The Malaysian Ministry of Youth and Sports (), abbreviated KBS, is a ministry of the Government of Malaysia that is responsible for youth, sports, recreation, leisure activities, stadiums, youth development, and youth organisations in the country.

Organisation
 Minister of Youth and Sports
 Deputy Minister of Youth and Sports
 Secretary-General
 Under the Authority of Secretary-General
 National Department of Youth and Sports
 Rakan Muda Development Division
 Youth Development Division
 Sports Development Division
 State Departments of Youth and Sports
 Sports Commissioner Office
 Legal Advisor Office
 Internal Audit Unit
 Registrar of Youth Office
 Corporate Communication Unit
 Integrity Unit
 SEA Games Secretariat
 2050 National Transformation Secretariat
 Anti-Doping Unit
 National Sports Council
 Malaysia Stadium Corporation
 National Sports Institute
 Institute for Youth Research Malaysia
 Deputy Secretary-General (Management)
 Human Resources Management Division
 Information Management Division
 Management Services Division
 Finance Division
 Development Division
 Account Division
 Deputy Secretary-General (Strategic)
 Policy and Strategic Planning Division
 International Relations Division
 Youth Skill Development Division
 IKTBN/IKBN

Federal departments
 National Department of Youth and Sports, or Jabatan Belia dan Sukan Negara (JBSN). (Official site)
 Malaysia Sports Commissioner Office, or Pejabat Pesuruhjaya Sukan Malaysia (PPS). (Official site)
 Registrar of Youth Office (ROY), or Pejabat Pendaftar Pertubuhan Belia. (Official site)

Federal agencies
 National Sports Council of Malaysia (NSC), or Majlis Sukan Negara Malaysia (MSN). (Official site)
 Malaysia Stadium Corporation, or Perbadanan Stadium Malaysia. (Official site)
 National Sport Institute, or Institut Sukan Negara (ISN). (Official site)
 Institute for Youth Research Malaysia, or Institut Penyelidikan Pembangunan Belia Malaysia (IPPBM). (Official site)
 Youth and Sports Skill Training Institution, or Institusi Latihan Kemahiran Belia dan Sukan (ILKBS). (Official site)
 Youth Parliament of Malaysia, or Parlimen Belia Malaysia. (Official site)
 International Youth Centre, or Pusat Belia Antarabangsa. (Official site)
 National Youth Consultative Council, or Majlis Perundingan Belia Negara (MPBN). (Official site)

Key legislation
The Ministry of Youth and Sports is responsible for administration of several key Acts:
 National Sports Council of Malaysia Act 1971 [Act 29]
 Sports Development Act 1997 [Act 576]
 Youth Societies and Youth Development Act 2007 [Act 668]
 Perbadanan Stadium Malaysia Act 2010 [Act 717]
 National Sports Institute Act 2011 [Act 729]

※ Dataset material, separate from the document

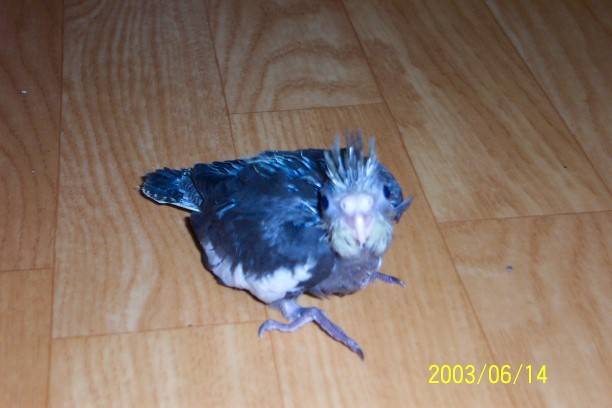 新養滴黑玄鳳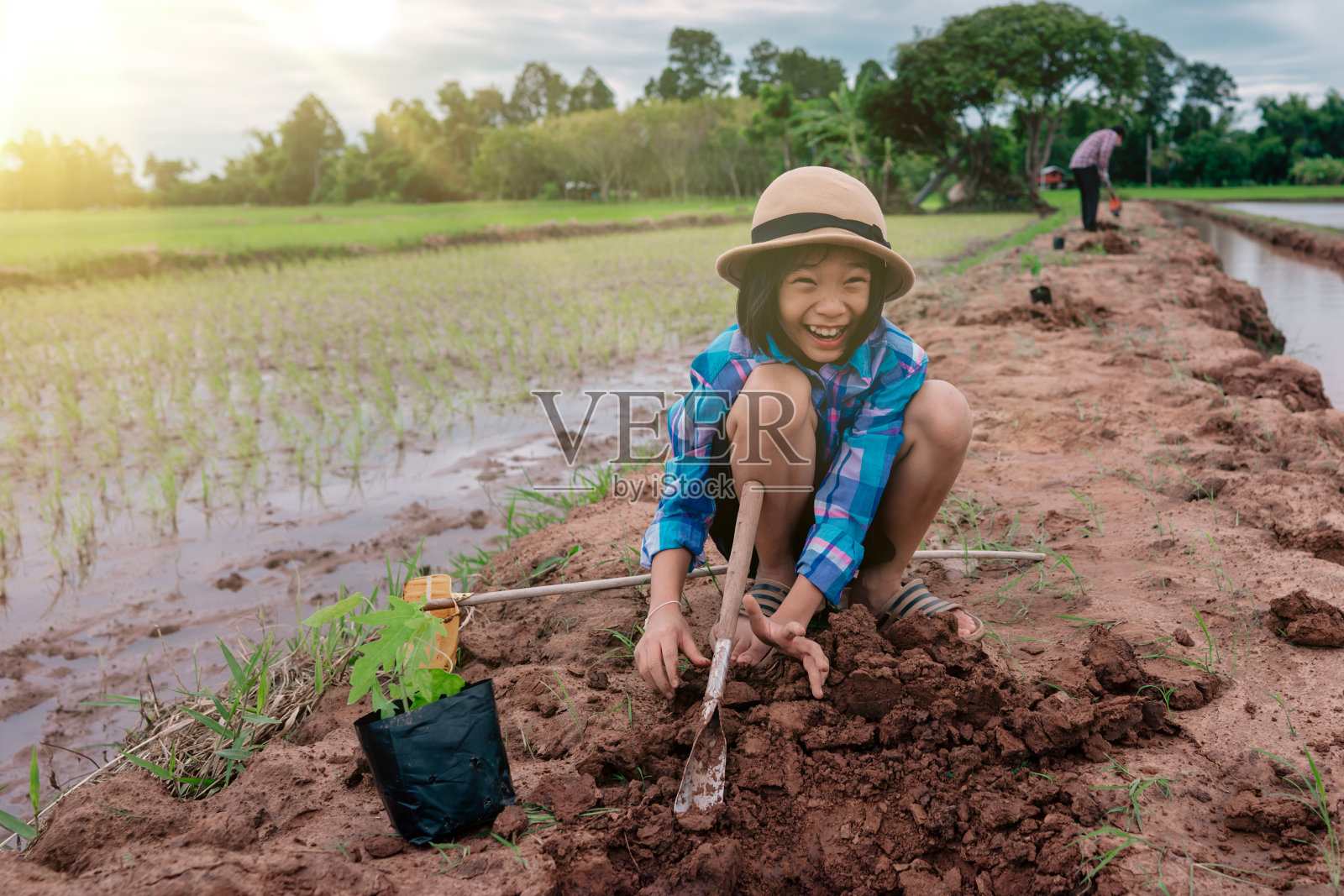 儿童种植在泥土上的有机农场在农村模糊的稻田和天空背景照片摄影图片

Policy Priorities of the Government of the Day
 National Youth Policy
 National Sports Policy

Programmes
 Putrajaya Youth Festival
 National Sports Day
 1Malaysia Skilled Youth Program
 e-Youth System
 Malaysian Youth Map Application
 No Reason! Sports For All, Active Malaysia, Towards Active, Healthy, United Malaysia

History
The early formation of the Ministry of Youth and Sports begun in 1953 with the incorporation of the Culture Division under the Department of Public Welfare. At that time, The Culture Division was given the role and responsibility of handling all matters relating to the youth affairs in Malaysia.

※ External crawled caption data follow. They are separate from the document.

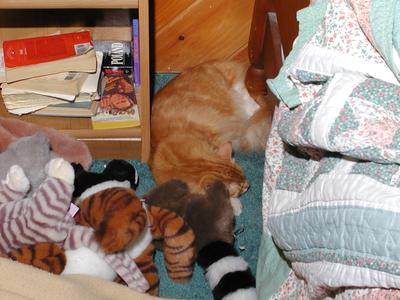 Quiz time, which is the live pet and which is the stuffed animal?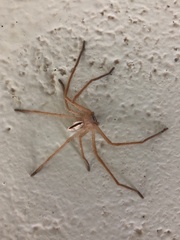 Neosparassus macilentus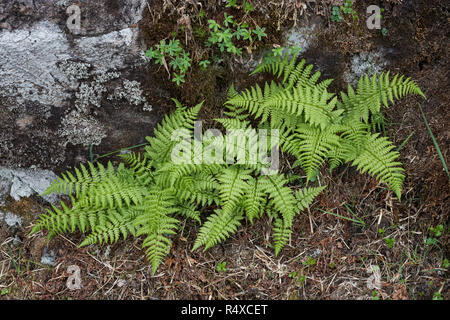 Signora alpino Fern (Athyrium distentifolium) nelle Highlands scozzesi Foto Stock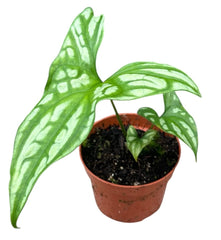 Cercestis Mirabilis10.5cm Pot House Plant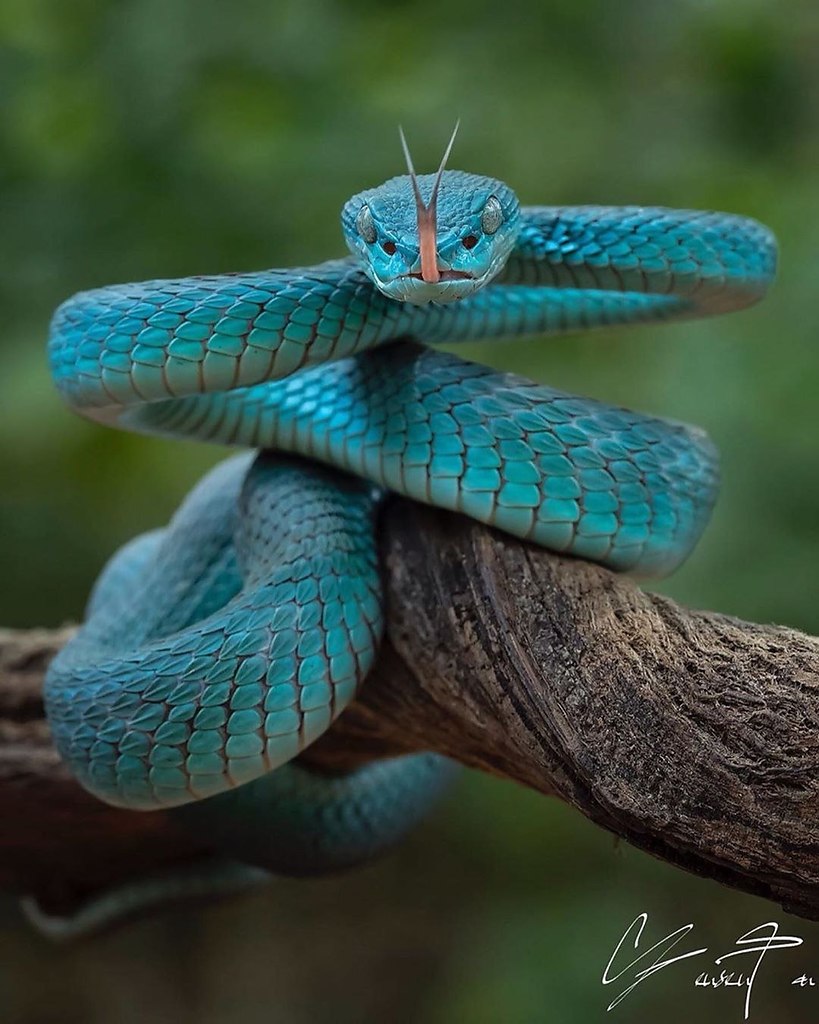Красивые змеи картинки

Later in 1964, the Culture Division was placed under the Ministry of Information. At the same time, as a consequence of the growth of organisational activities among youths, a Youth Division was formed to inculcate and supervise these activities under the ministry. Besides that, a Sports Division was also formed under the Ministry of Information.

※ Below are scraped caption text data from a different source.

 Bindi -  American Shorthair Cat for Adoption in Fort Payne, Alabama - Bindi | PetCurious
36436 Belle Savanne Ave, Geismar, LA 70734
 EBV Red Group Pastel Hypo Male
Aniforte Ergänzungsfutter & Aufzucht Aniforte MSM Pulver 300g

The Ministry of Youth and Sports was only formed on 15 May 1964 in conjunction with the National Youth Day celebration of that year. In 1972, the Culture Division was established, and this has led the Ministry of Youth and Sports to change its name to the Ministry of Culture, Youth and Sports until 1987, as the Culture Division was eventually relocated under the Ministry of Culture, Arts and Tourism. Since then, the Ministry of Culture, Youth and Sports was reverted to its original name which, today, known as the Ministry of Youth and Sports.

Ministry of Youth and Sports (MYS) was given the mandate to implement the policies of the Malaysian government, particularly in the areas of Youth and Sports development.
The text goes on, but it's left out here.